ACTION ITEM: Leaving out every picture, copy the lines of the material below exactly, from the line containing "Modern Wooden Baby" through the line containing "Image #3 - Ariat".

RECORDS FOR THE TASK:
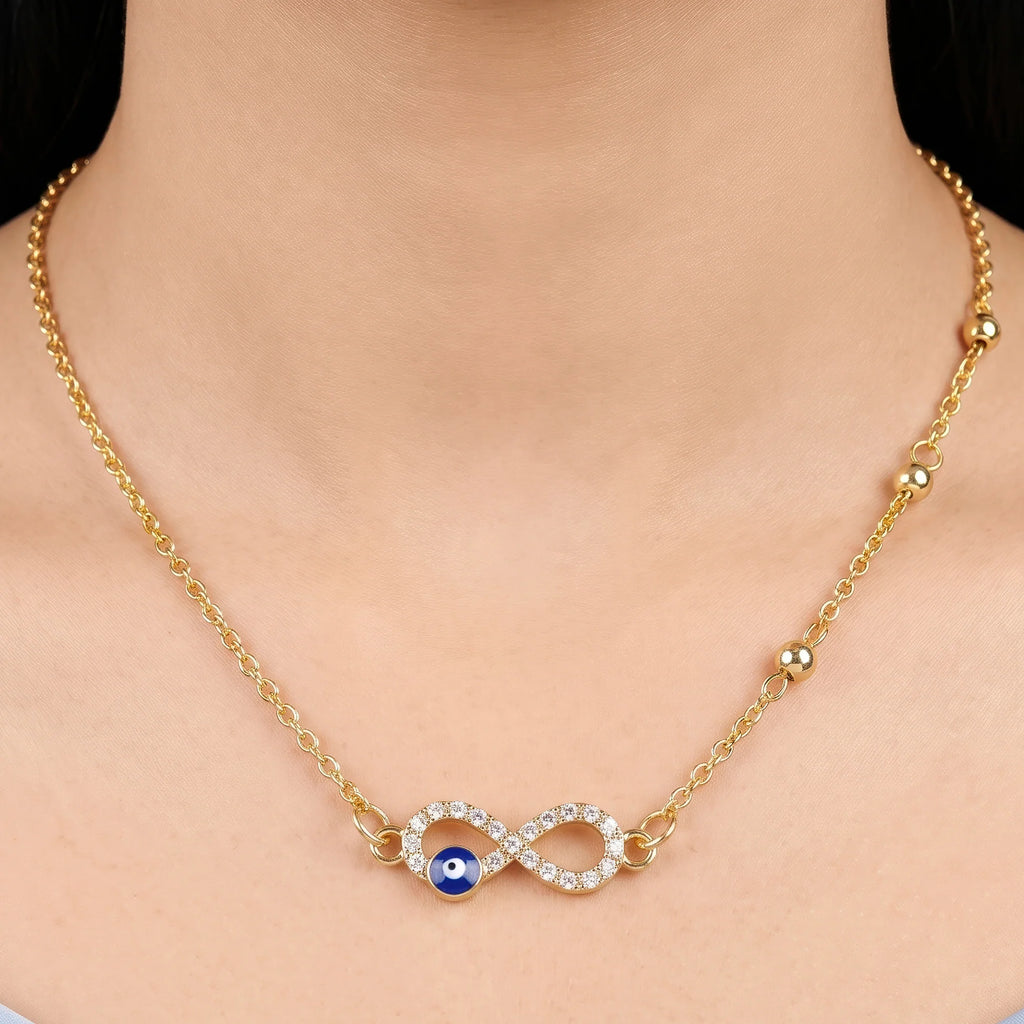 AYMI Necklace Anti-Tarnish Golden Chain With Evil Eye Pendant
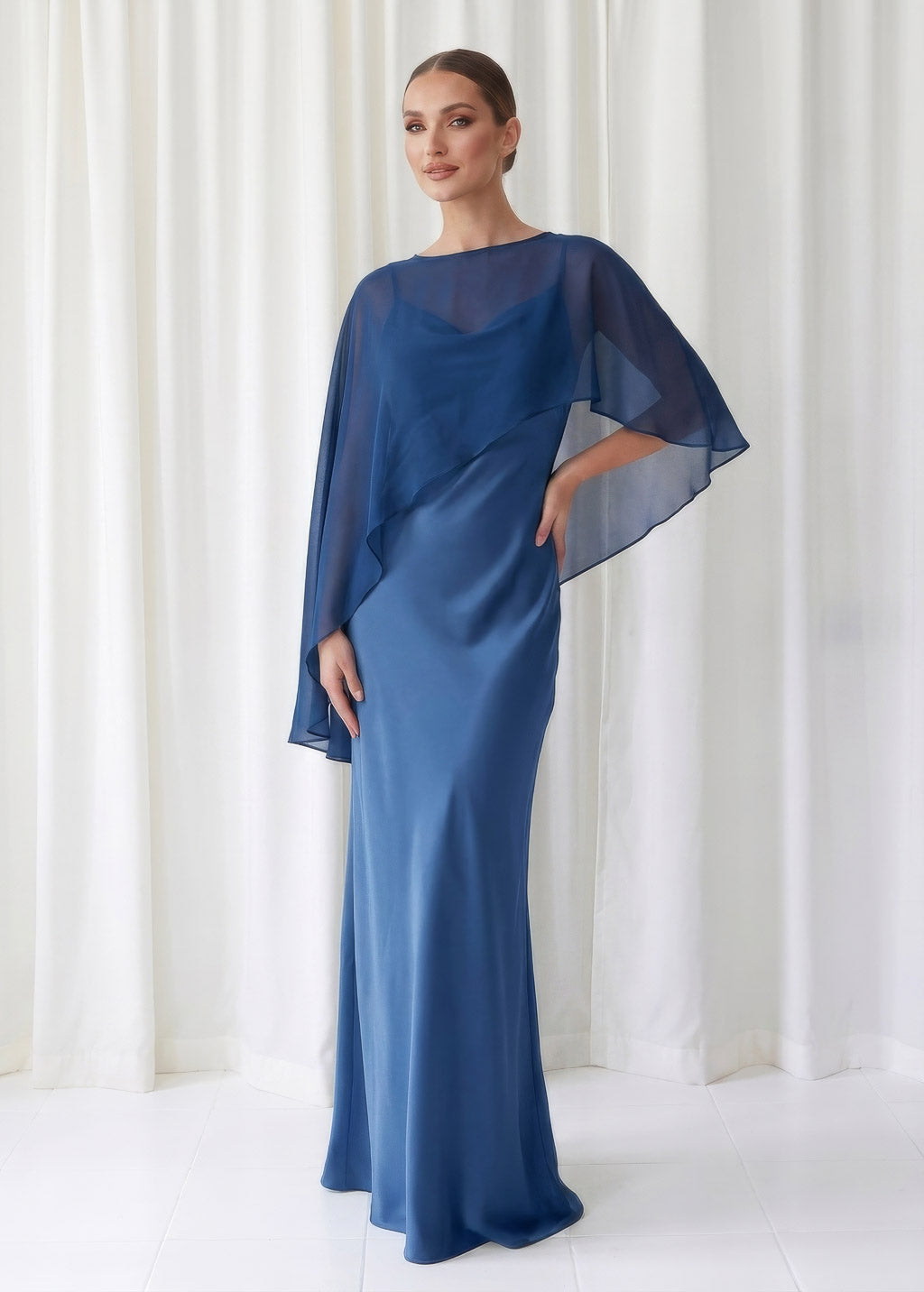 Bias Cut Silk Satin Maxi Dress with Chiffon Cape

* * *

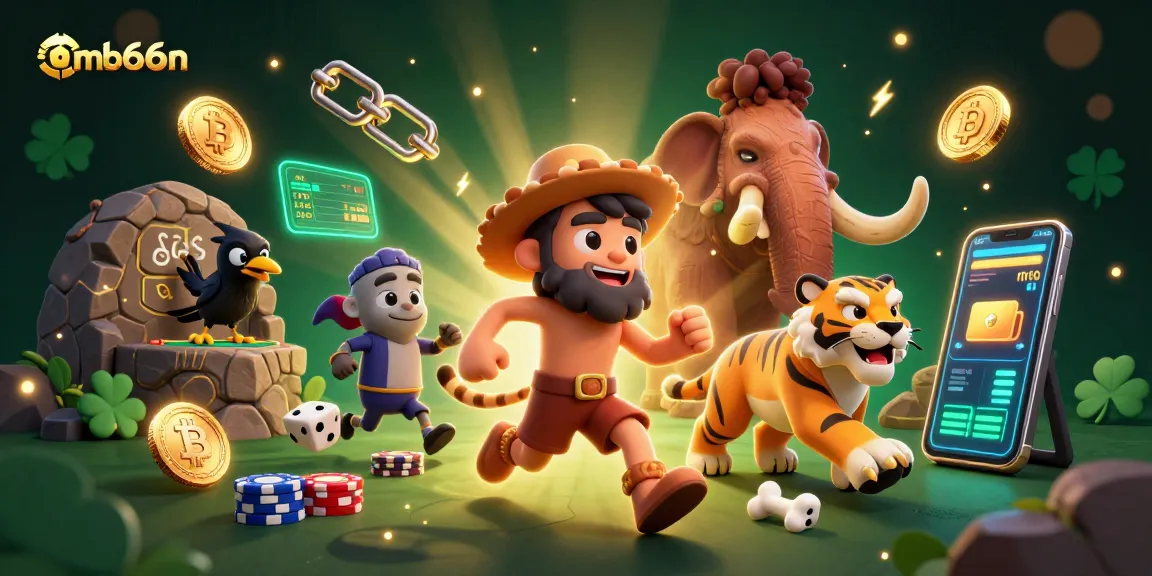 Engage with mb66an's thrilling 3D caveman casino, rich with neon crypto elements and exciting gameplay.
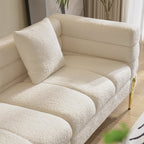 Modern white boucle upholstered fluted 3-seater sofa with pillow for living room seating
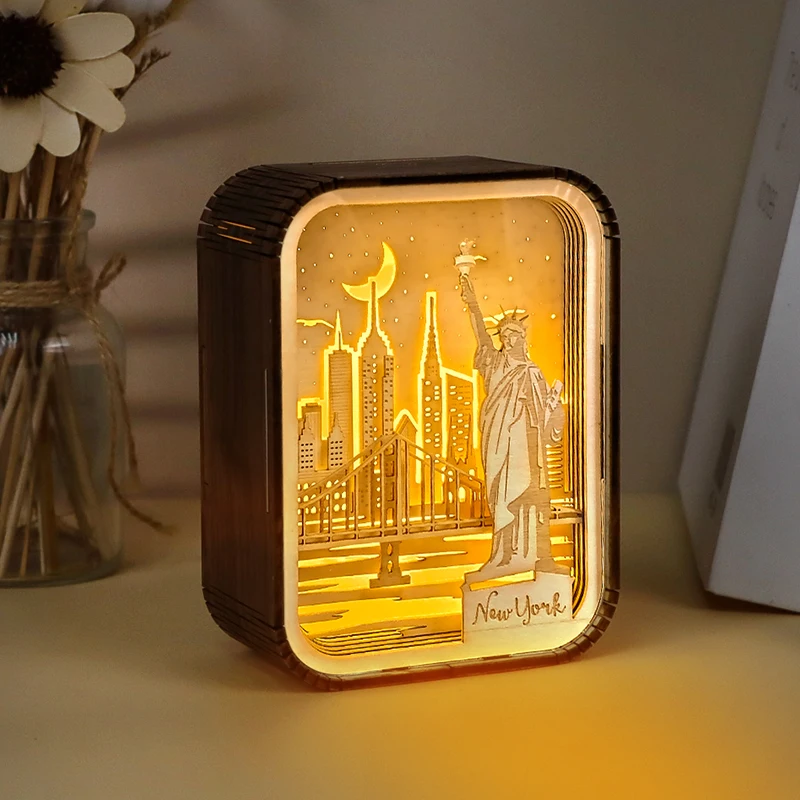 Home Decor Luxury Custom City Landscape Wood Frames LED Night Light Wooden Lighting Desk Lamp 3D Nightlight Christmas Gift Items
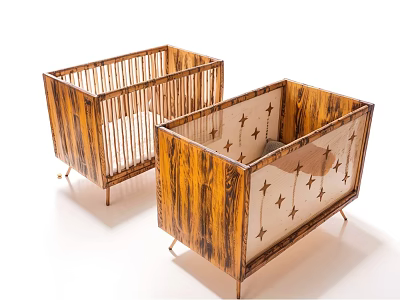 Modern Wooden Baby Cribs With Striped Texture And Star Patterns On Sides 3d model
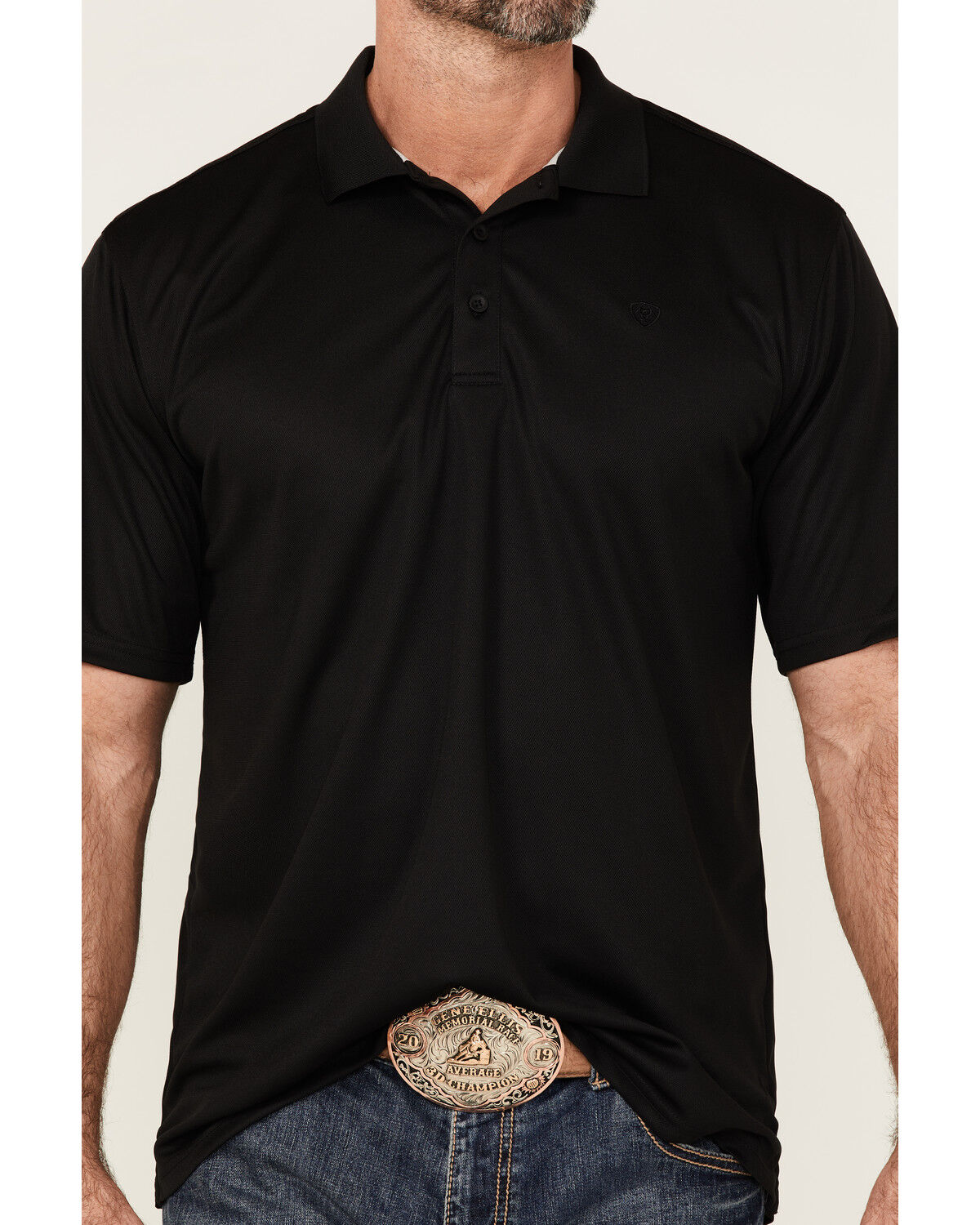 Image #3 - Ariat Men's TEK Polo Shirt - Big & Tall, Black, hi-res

RESULT FOR THIS TASK:
 Modern Wooden Baby Cribs With Striped Texture And Star Patterns On Sides 3d model
 Image #3 - Ariat Men's TEK Polo Shirt - Big & Tall, Black, hi-res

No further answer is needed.